The Centre has kept open the option of manual registration of attendance under the Mahatma Gandhi National Employment Guarantee Act (MGNREGA) if there is difficulty in online registration, Parliament was told on Tuesday, amid protests by workers over loss of pay due to attendance issues caused by poor Internet connectivity.
Rural development minister Giriraj Singh told the Lok Sabha the National Mobile Monitoring System (NMMS) had been introduced to facilitate online attendance of workers under the MGNREGA, which provides for up to 100 days of unskilled work to every rural household in a year.
The ministry of rural development had made online attendance registration mandatory under the NMMS from January 1, keeping a manual attendance option open only in case of emergencies.
A worker’s photograph has to be taken twice a day, once at 11am and again at 4pm, at the worksite and uploaded on the MGNREGA website immediately.
Since Internet connectivity is poor in many rural areas, the attendance of workers is not being registered, causing loss of pay.
Hundreds of workers from across the country have been sitting on a dharna for over a month in Delhi to demand restoration of attendance through muster roll, withdrawal of the order for Aadhaar-enabled wage payment, release of funds to Bengal that has been withheld for over a year over corruption allegations and increase in allocation of funds for the scheme.
YSR Congress Party MPs in the Lok Sabha, Krishna Devarayalu Lavu and Balashowry Vallabbhaneni, wanted to know on Tuesday whether the majority of the workers were facing difficulty in attendance registration under the NMMS and the steps taken by the government to alleviate the problem.
Singh, the rural development minister, said technical issues were being addressed on a real-time basis and suggested relaxations and the provision of manual attendance had been built into the new online system.
“NMMS application has been modified to capture the second photograph just after 4 hours of uploading the attendance and first photograph. It has eased out the specific time point requirement for capturing the attendance and photographs. The morning attendance along with the first photograph can be captured in offline mode and to be uploaded once the device comes into a network,” Singh said in a written reply.

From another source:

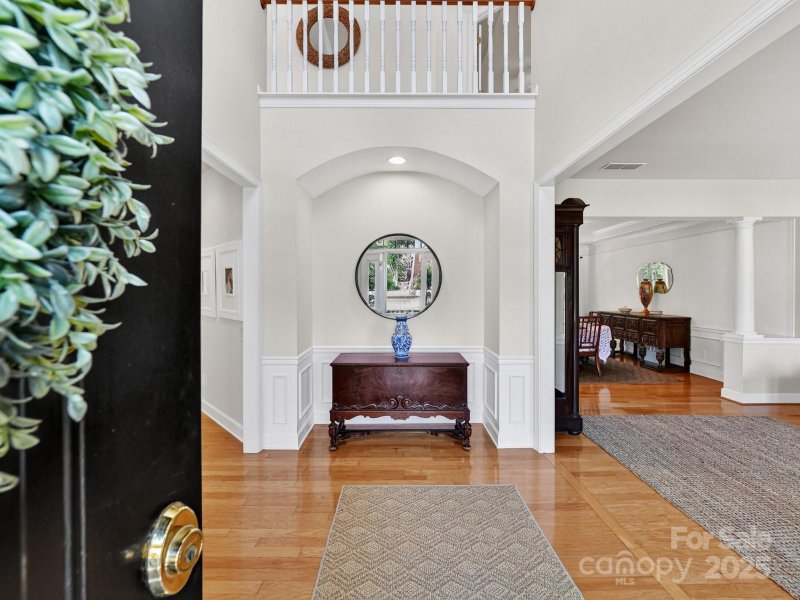 Property image 5 at 10928 Knight Castle Drive, Charlotte, NC 28277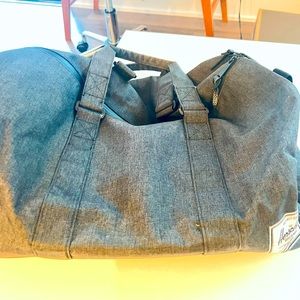 Brand New Herschel Duffle Bag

“In case of exceptional circumstances due to which attendance could not be uploaded, the District Programme Coordinator has been authorised to upload the manual attendance,” he added.
Vijay Ram, a researcher on the MGNREGA, said the provisions of manual attendance had not been entirely done away with when online attendance was introduced. He said flexibility in the time of uploading of pictures was also not new. Economist and public policy expert Jean Dreze said, however, that manual attendance had become a cumbersome process.
“Manual attendance is hardly being implemented on the ground. If the NMMS fails, the manual attendance has to be processed at gram panchayat, then the block and the district level. It can be blocked at any level,” he said.
The Aadhaar-enabled payment system has shut out 57 per cent workers from wages as they do not comply with the new mode, civil society groups have said, dealing a second blow to the rural job scheme after the mandatory online attendance rule.
The workers are also agitated about the reduction of funds under the MGNREGA. The government has allocated Rs 60,000 crore for the scheme against Rs 73,000 crore allocated last year.